My work day was absolutely chaotic, but during difficult times in my personal life, absolute chaos at work is what I prefer. I wasn’t allowed any time at all to give my daughter’s situation harder thought. However, I did have a five minute window to speak to someone whose son goes to my daughter’s school, and unfortunately, her son is being harassed as well. The difference is- he is being harassed by the school officers. And so, while the situation sucks for her- and us- it could be much worse.
Without going into too many details, I will describe the basic scenario. Student isn’t doing well in school. Having difficulties both at school and at home. It isn’t necessarily all of his fault- he has legitimate reasons for being behind and appearing to be somewhat troubled. But the GROWN ADULTS seem to be making his situation much worse. His friend has been experiencing an even more disparaging situation. An officer wrongly accused him of doing an activity (vaping in the bathroom), which led to a body search, which produced no evidence- and while it should have ended there, the GROWN MAN then searched the MINOR CHILD’S vehicle. The GROWN MAN discovered some hiking boots and a pocket knife INSIDE THE VEHICLE and the MINOR CHILD received out of school suspension for TWENTY ONE DAYS. The parents, naturally, were infuriated. He began having more issues (duh), and so, was pulled out of his high school, away from the peers he had grown up with, to be homeschooled.

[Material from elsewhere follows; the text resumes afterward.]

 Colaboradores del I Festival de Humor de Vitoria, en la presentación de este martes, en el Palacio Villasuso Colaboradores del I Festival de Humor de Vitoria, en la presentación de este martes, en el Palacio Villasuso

On the flip side of being hyperactive and goofy as a minor child, I could be quite verbally and physically aggressive. I kicked a girl in the leg (elementary school), punched a girl (middle school), slashed a girl’s tires and got into a car chase which resulted in threatening physical violence (high school), and other terrible rage filled activities, because I honest to God felt as though I had no other choice. I legitimately felt as though my life, when threatened in any way, depended on it.
I am small. I was always the runt of my class. My bark was bigger than anyone’s because it had to be. As I grew older, I realized that my bark would some day get me killed. It took a four year physically and emotionally violent marriage to put me in full check. It was that terrible relationship- which almost literally killed me- that saved me in the long run. I turned myself around. I can still have a temper in certain situations, but I am much more cautious and use much wiser judgment before acting on impulse. Working in mental healthcare, reading self help books the better majority of my life, and just learning from mistakes in general have also aided in calming my shit down.

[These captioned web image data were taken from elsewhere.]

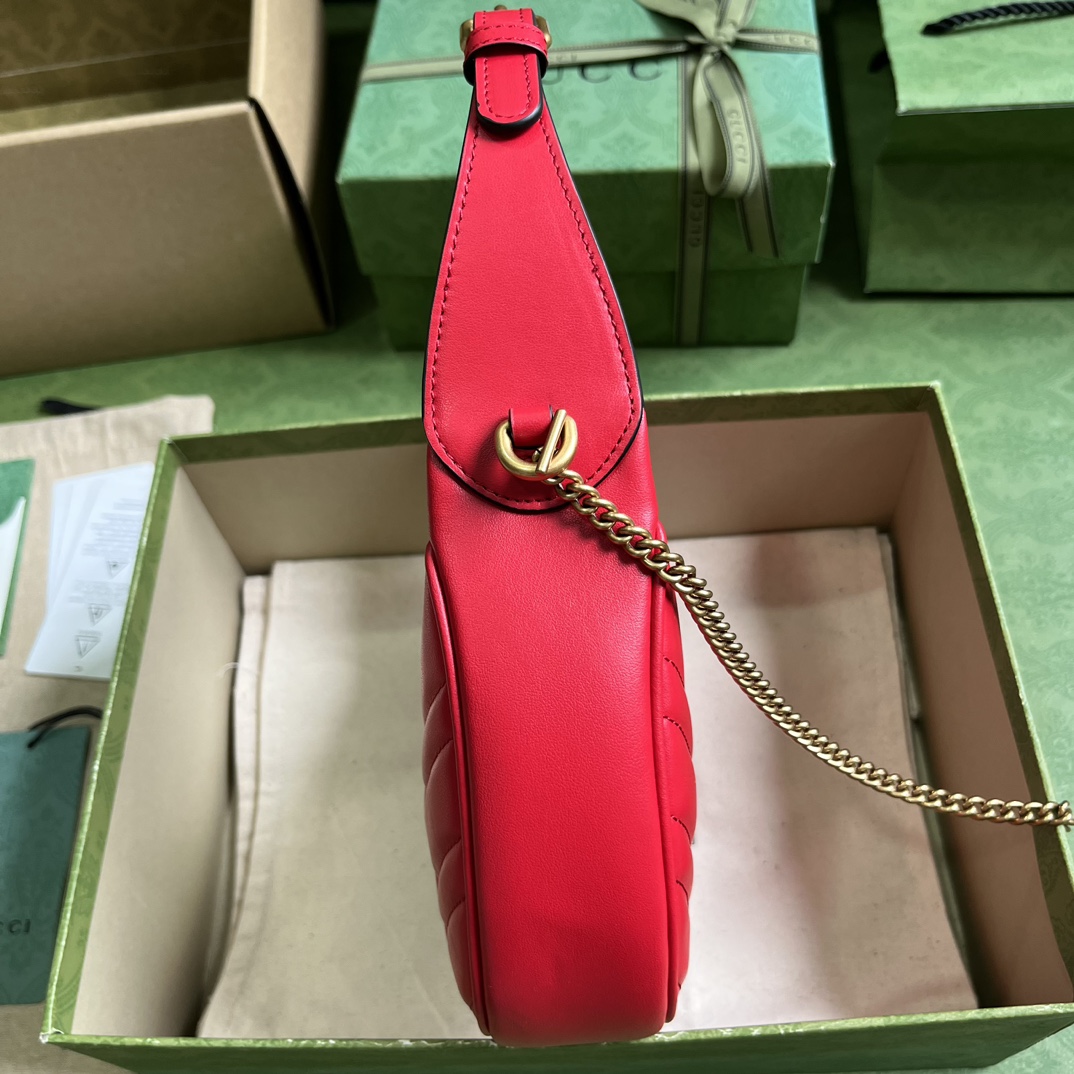 Bagsaaa Gvc*1 GG Marmont matelassé red leather mini bag - 21.5x 11x 5cm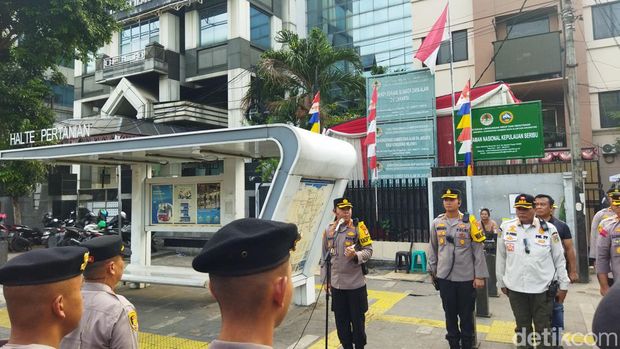 Polisi melakukan rekayasa lalu lintas di Jalan Salemba Raya, Jakarta Pusat menjelang pendaftaran paslon gubernur dan wakil gubernur di kantor KPU DKI Jakarta.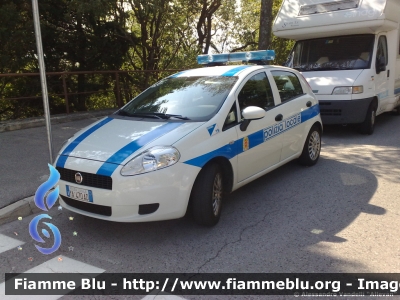 Fiat Grande Punto
Polizia Locale Trieste
POLIZIA LOCALE YA470AD
Parole chiave: Fiat Grande_Punto PoliziaLocaleYA470AD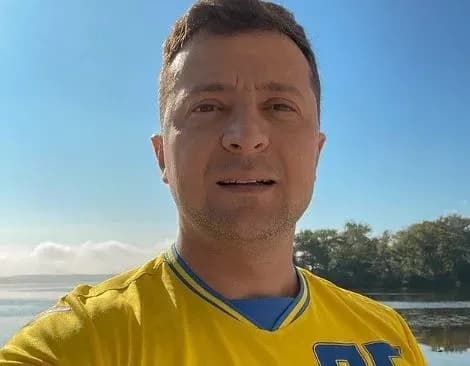 chekayemo-pyatnitsyu-ne-cherez-rnbo-zelenskiy-zaselfivsya-u-formi-zbirnoyi-ukrayini-scho-viklikala-isteriku-v-rf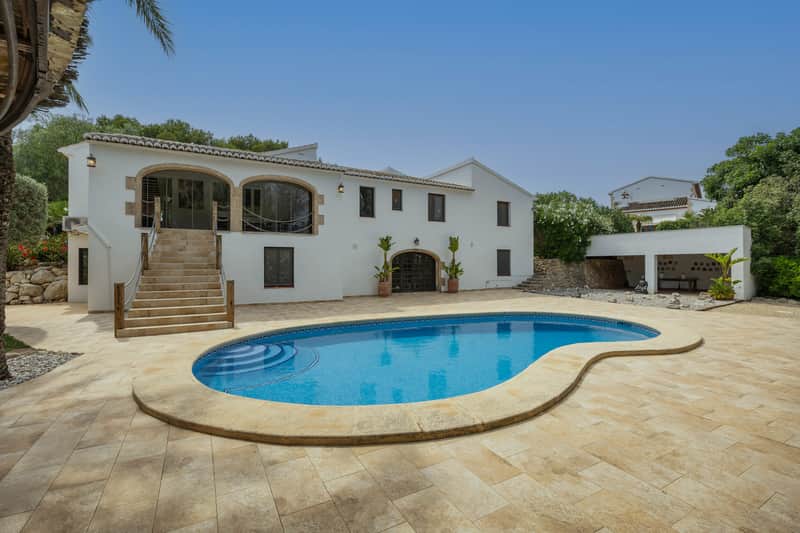 Mediterrane villa met privacy in La Lluca, Jávea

When I hear stories that indicate history is repeating its stupid self again- in any capacity- it usually makes me feel negative emotions and I at least provide the world with my locally famous eye roll. But when I hear stories as mentioned above, I feel absolute rage. I physically tremble. Sometimes I go numb. And, on nights like tonight, I curl up in the bathtub and sob like a baby.
Oh how I miss the days of softball and volleyball and war ball. Swinging a bat, hitting a ball, running hard as hell, getting people out. I love being physical and aggressive. I love getting that out of me. If only I could challenge these assholes to a game. I’d sift through the cliques and push back the squares.